W podziękowaniu za przypomnienie mądrości ewangelicznej.
Otóż działo się tak: moja Żona wybrała się na zakupy spożywcze, co skończyło się, jak zwykle, torbą książek. Ja zaś, zajęty sprawami służbowymi, nie zadbałem o finanse.
Obudziliśmy się w sobotę rano, bez podstawowych produktów spożywczych. I bez pieniędzy.
Śmiech, w który w nas to wprawiło wzbudziłby zapewne zdumienie większości ludzi.

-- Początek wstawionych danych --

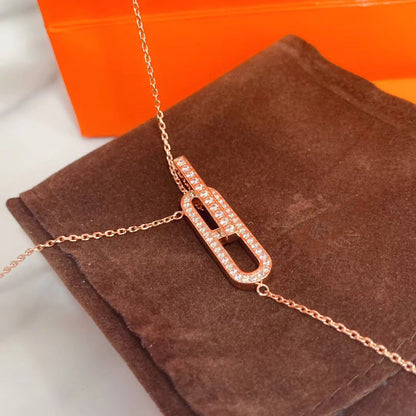 [Solara Jewelry]HM NECKLACE PLATINUM ROSE GOLD DIAMOND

Spędziliśmy radosny „łykend”, wyjąwszy fakt, że jedną książkę wydzieraliśmy sobie nawzajem.(wspomnienia z epoki Czarlesa Ożą, gorąco polecam!). Grzanki z suchego chleba nie są złe, nawet jeśli się jadało wcześniej ogon homara z raczymi szyjkami. W zasadzie należy spytać, jak smakują grzanki z suchego chleba temu kto NIE jadł pasztetu z gęsich wątróbek? Ale i to wiemy.
Czemu za tym o tym piszę? Nurtuje mnie sprawa ważna, a mianowicie koincydencja zdarzeń.
Mój ksiądz parafialny nie odniósł się (w mojej, subiektywnej ocenie) do czytania biblijnego, zrobiła to Judyta, a ja jadłem suchy chleb. To był z pewnością przypadek.
Słowem żyjemy, słowem się posilamy, bez słowa Bożego, bez ludzkich słów szybko byśmy “umarli”.
Z niedzieli
Czuwajcie więc, bo nie znacie dnia ani godziny.
Ewangelia wg św. Mateusza 25, 13
Fajna notka, radosna.
Kto to jest Charles Ożą? Nie mogę znależć.
Charles Ogier (wymawiamy Ożą) – u boku hrabiego D’Avaux, sekretarz poselstwa francuskiego mającego za zadanie doprowadzenie do pokoju między Szwecją a Polską.
Dziękuję…. Jak ja rozumiem Pana żonę, też mam problem : chleb czy książkę.
Rozsmakowani w Słowie Bożym nie potrafią już bez niego żyć. Chwała Panu za to Słowo Życia.